Un de nos contributeurs nous propose de publier un article paru dans The Conversation France de Michel Wieviorka Sociologue, 1 mars 2020 dont le titre est : La France n’est pas une dictature, c’est l’histoire qui nous le dit.

La France, un Etat autoritaire ?

Cet article part de l’interrogation : La France est elle une dictature ? Il rebondit sur la réponse du Président de la République « Essayez la dictature et vous verrez »  à ceux qui avaient comparé la France à un état autoritaire, justifiant de facto une certaine violence politique et sociale.

Non, mais la tendance est dessinée : une coquille vide

La lecture de l’article et de l’ouvrage récent de Michel Wieviorka – « Pour une démocratie de combat », éditions Robert Laffont – permet de diagnostiquer une démocratie qui mute et qui, tout en conservant certaines apparences, devient une coquille vide qui dissout le corps social.

L’article du même auteur récemment apporté en complément de notre publication (Les « armes » de la démocratie face au populisme ) complète le sujet. Nous le reproduisons ci contre. Son titre: Démocratie participative, délibérative ou directe : le grand leurre

L’instrumentalisation du populisme

Cotons en un extrait: « Dans un tel contexte, parler de délibération, de participation et de démocratie directe revient non pas à promettre d’enrichir ou de relancer la vie civique, mais bien à maintenir la tête sous l’eau à d’éventuels partis politiques de droite ou de gauche en dehors de forces populistes plus ou moins radicalisées. Cela devient un leurre. Le paradoxe, ici, est que les Gilets jaunes ont développé cette même logique, sur un mode horizontal, rétif à toute tentative de structuration partisane, faisant la part belle à ce qui constitue à bien des égards un renforcement, ou tout au moins une chance de survie, et non une critique du pouvoir. »

ARTICLE 1

La France n’est pas une dictature, c’est l’histoire qui nous le dit

« Essayez la dictature et vous verrez » a récemment répondu Emmanuel Macron à ceux qui avaient comparé la France à un état autoritaire, justifiant de facto une certaine violence politique et sociale.

Sans reprendre les mêmes arguments que lui, essayons de nous souvenir, tout près de nous, dans l’espace et dans le temps, depuis la fin de la Seconde Guerre mondiale, de la nature des régimes qui nous entouraient.

L’Espagne de Franco, le Portugal de Caetano et la Grèce des colonels étaient sous dictature.
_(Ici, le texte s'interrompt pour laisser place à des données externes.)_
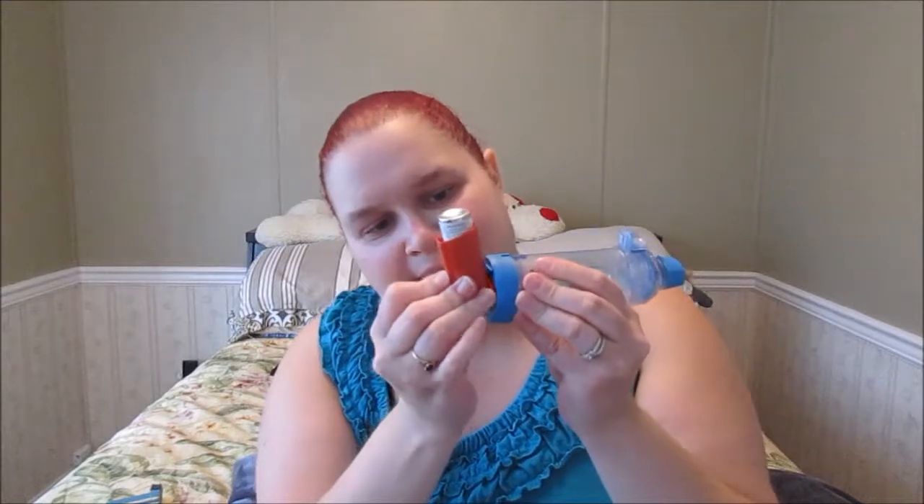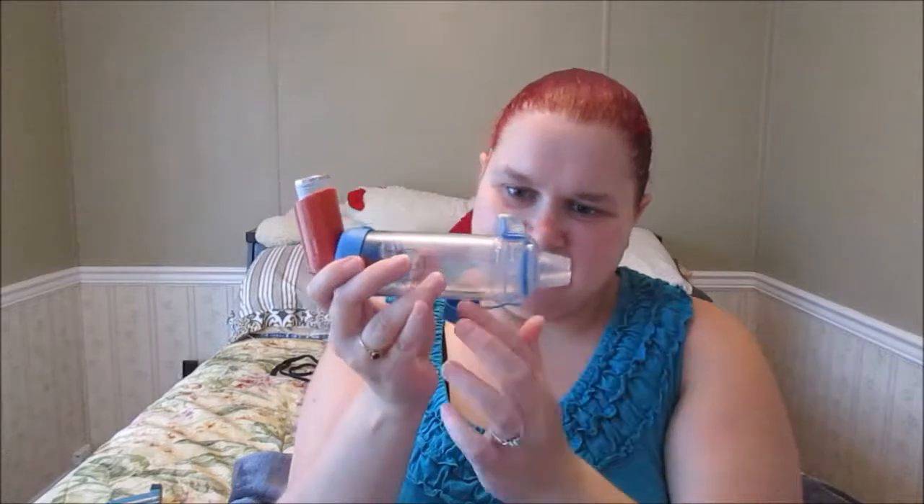I'm going to start with my steroid Flovent because that's the most important one for me. Shake it up for about 10 seconds, then take the cap off and put it to the side. Insert the puffer into the back opening of the aerochamber — it should snug on and not go anywhere. Take the mouthpiece lid off and position it at the bottom so it's out of the way.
La liberté d’expression était proscrite, la violence d’État régnait, adossée aux forces militaires et policières de la répression ; il n’y avait place ni pour la moindre opposition ni pour les droits de l’homme.

L’Empire soviétique semblait devoir se perpétuer sur la longue durée ; le totalitarisme, même essoufflé, régnait en URSS, mais aussi dans les soi-disant « Démocraties populaires » en Pologne en Hongrie, en Tchécoslovaquie, en Roumanie, ou dans les Républiques baltes.

La dissidence nous émerveillait par son courage. Les révoltes en Europe centrale avaient été réprimées dans le sang – Berlin-Est en 1953 (des dizaines de morts au moins), Budapest en 1956 (peut-être 2500 morts), Prague en 1968 (quelque 80 morts), Szczecin, Gdansk et Gdynia en 1970 (40 morts). Et ailleurs qu’en Europe, dans le monde entier, de la Chine à l’Amérique latine en passant par l’Afrique, les pires régimes florissaient.

La réflexion sur la démocratie, en Occident, n’allait alors pas très loin : il suffisait généralement d’y voir le contraire des dictatures ou du totalitarisme, cela tenait presque lieu d’analyse.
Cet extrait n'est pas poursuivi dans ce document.